(Records from a collection)
┄┄┄┄┄┄┄┄┄┄┄┄┄┄┄┄┄┄┄┄
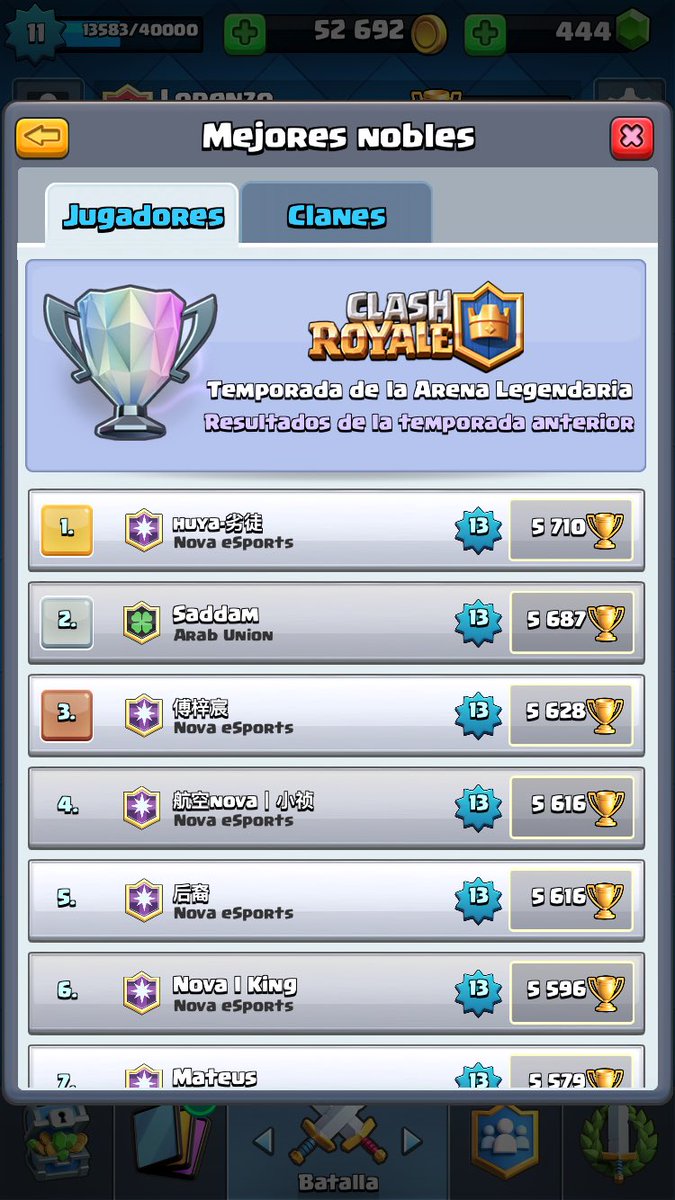 LorenzoAbusos's tweet photo. Felicidades por quedar 1 haciendo Win trade👏🏼Dais puto asco nova @NovaEsportsTeam ,así de claro...Mancháis el juego y el esfuerzo de muchos😡 https://t.co/bivIDGb6b2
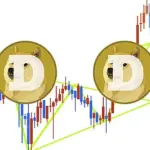 analyze-dogecoin-understanding-market-drivers-and-scenarios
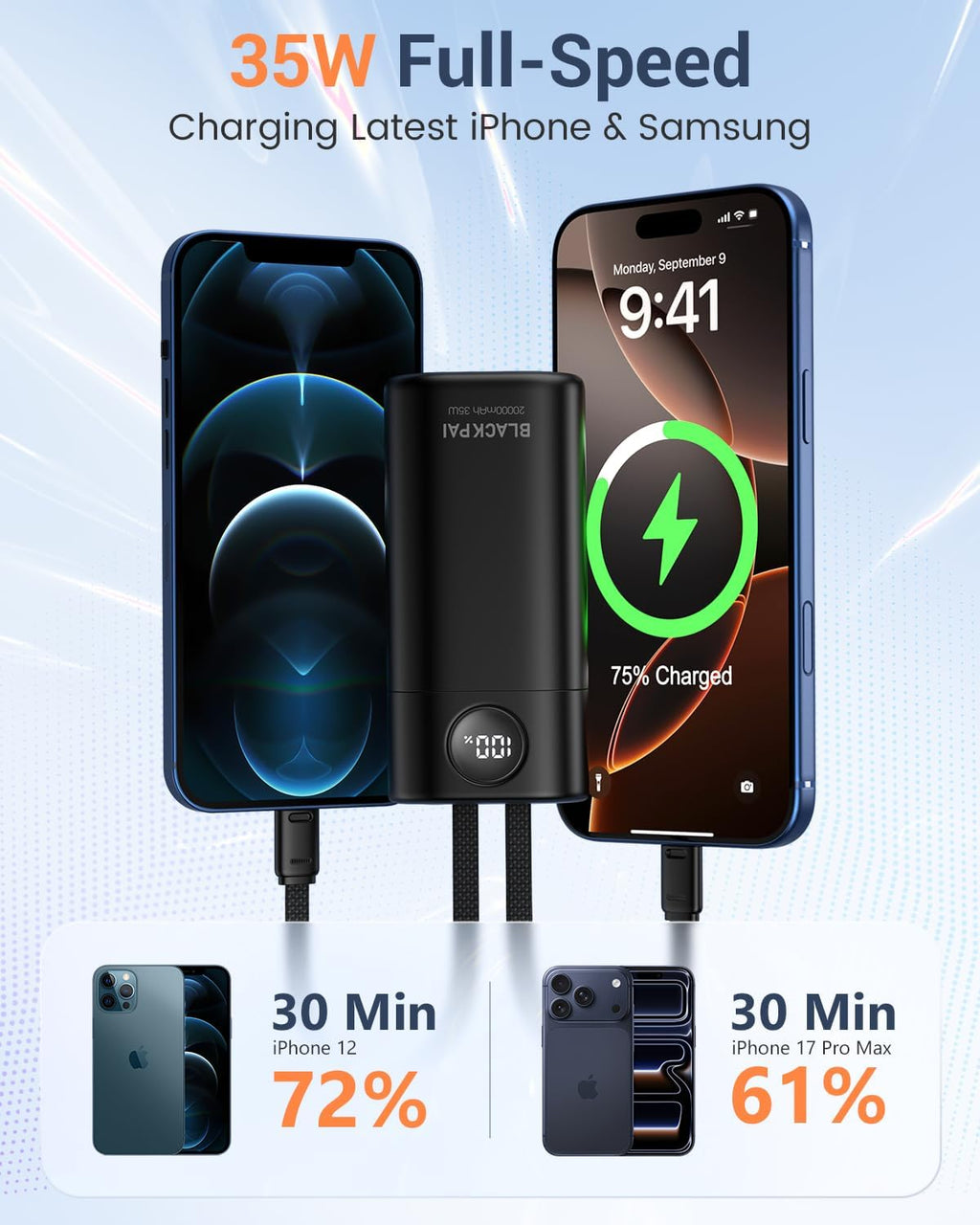 Portable Power Bank 20,000mAh, PD 35W Portable Charger Super Fast Charging with 2 Built-in Cables, USB-C Digital Display Battery Pack for iPhone Air 17/16/15/14/13, Portable Travel Charger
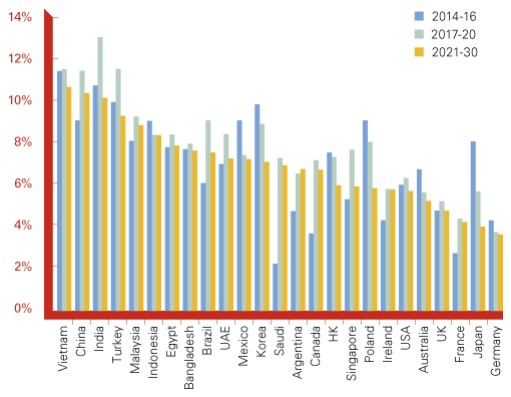 Crecimiento comercio mundial: largo plazo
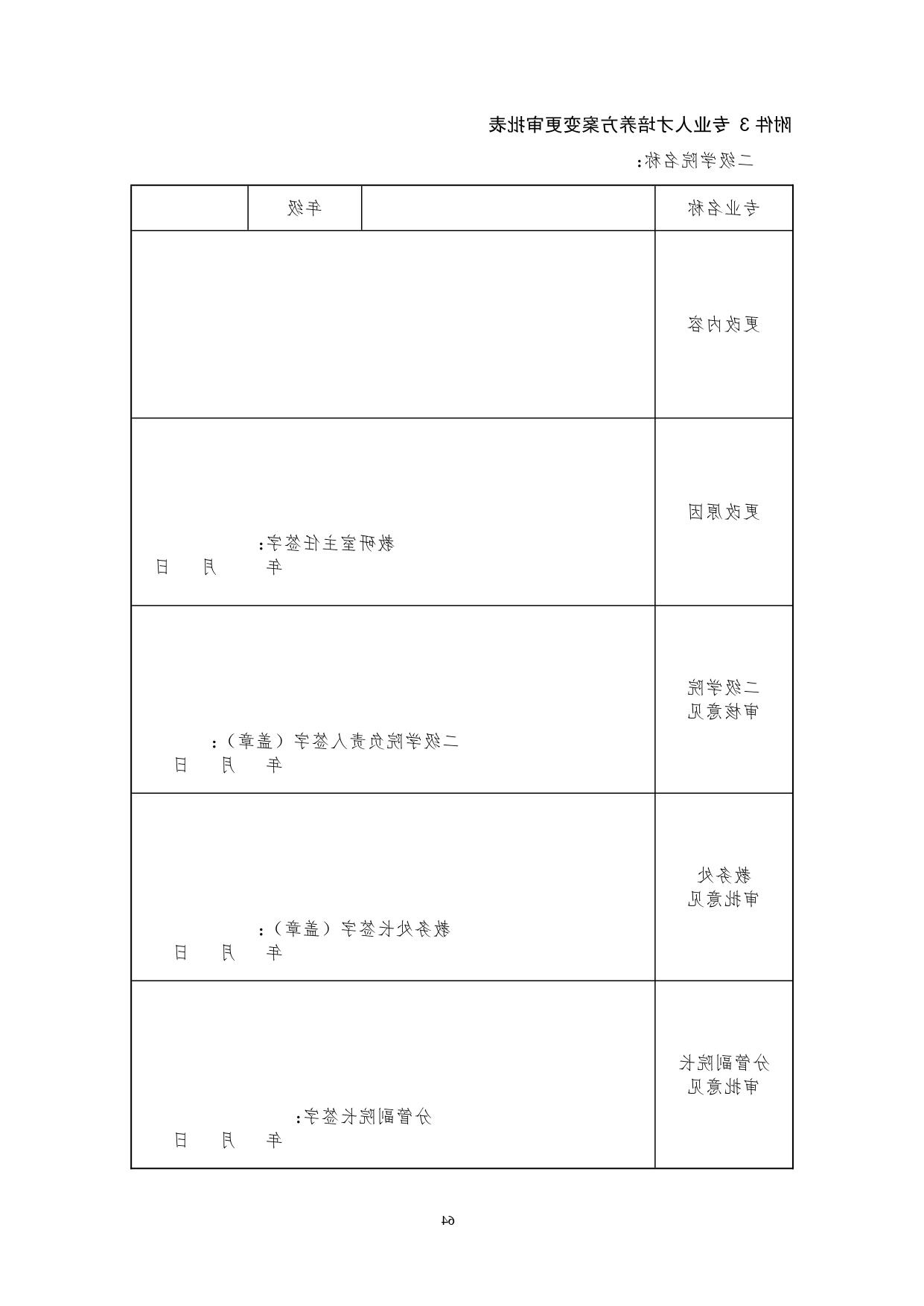 赌博平台2022版汽车技术与营销专业人才培养方案(9月6日定稿）_page-0066.jpg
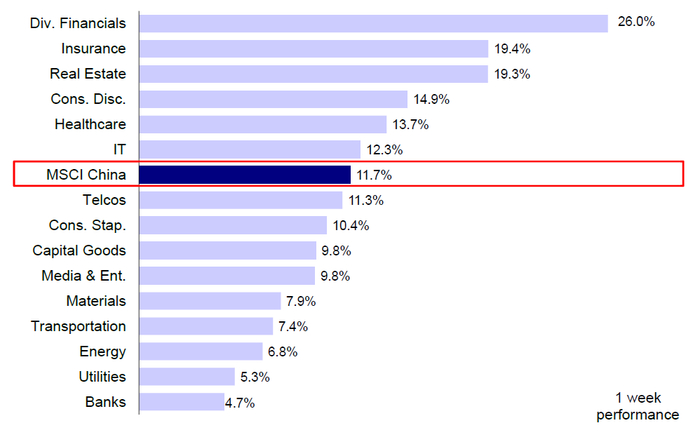 资料来源：FactSet，中金公司研究部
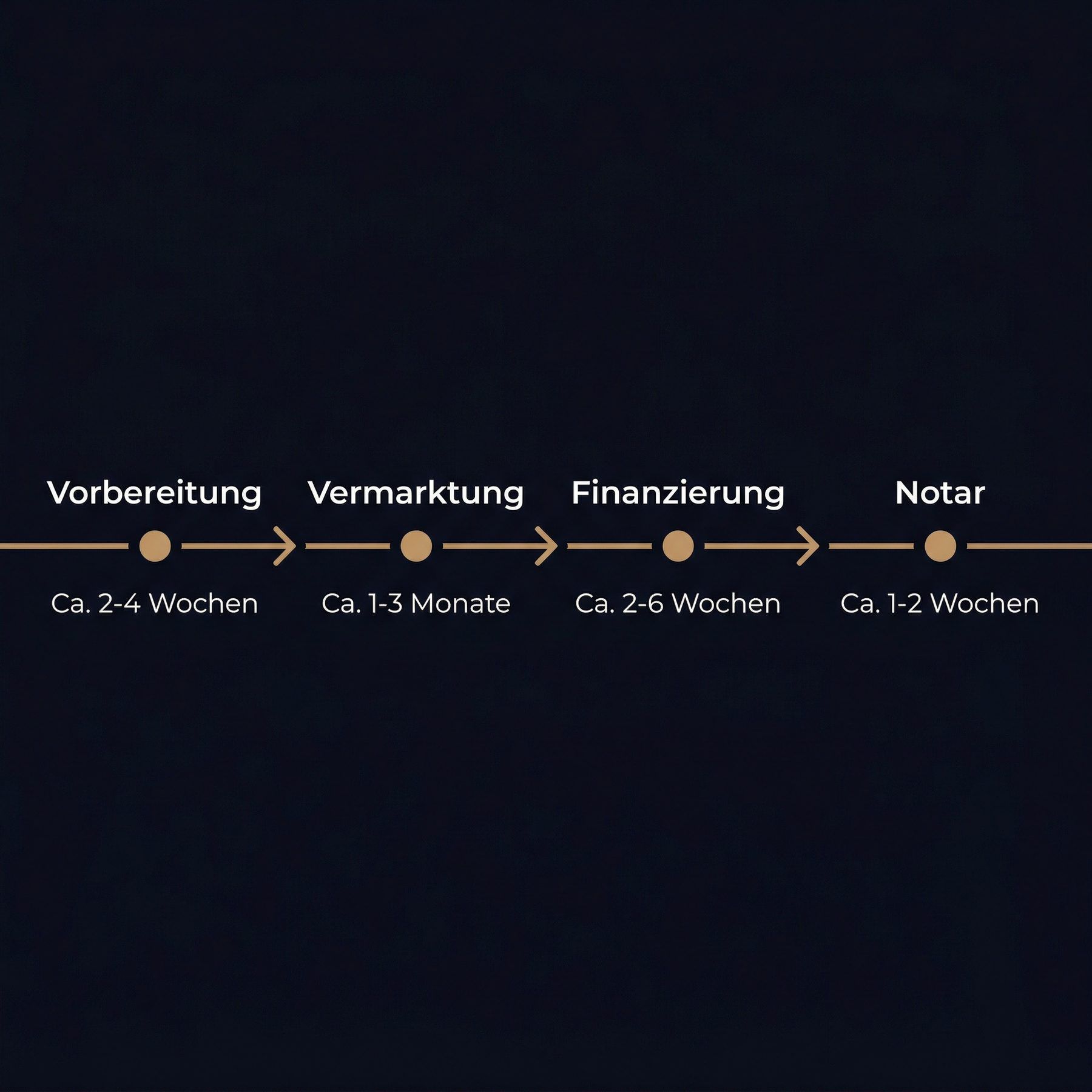 Timeline-Infografik: Die 4 Phasen des Immobilienverkaufs mit Zeitangaben - Vorbereitung, Vermarktung, Finanzierung, Notar bis Zahlung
┄┄┄┄┄┄┄┄┄┄┄┄┄┄┄┄┄┄┄┄
** PROBLEM REQUIREMENTS **
Each line from the one containing "资料来源：FactSet，中金公司研究部" down to the final line of the records above must be reproduced exactly; no pictures go into the copy.

** ANSWER FOR THIS EXERCISE **
 资料来源：FactSet，中金公司研究部
 Timeline-Infografik: Die 4 Phasen des Immobilienverkaufs mit Zeitangaben - Vorbereitung, Vermarktung, Finanzierung, Notar bis Zahlung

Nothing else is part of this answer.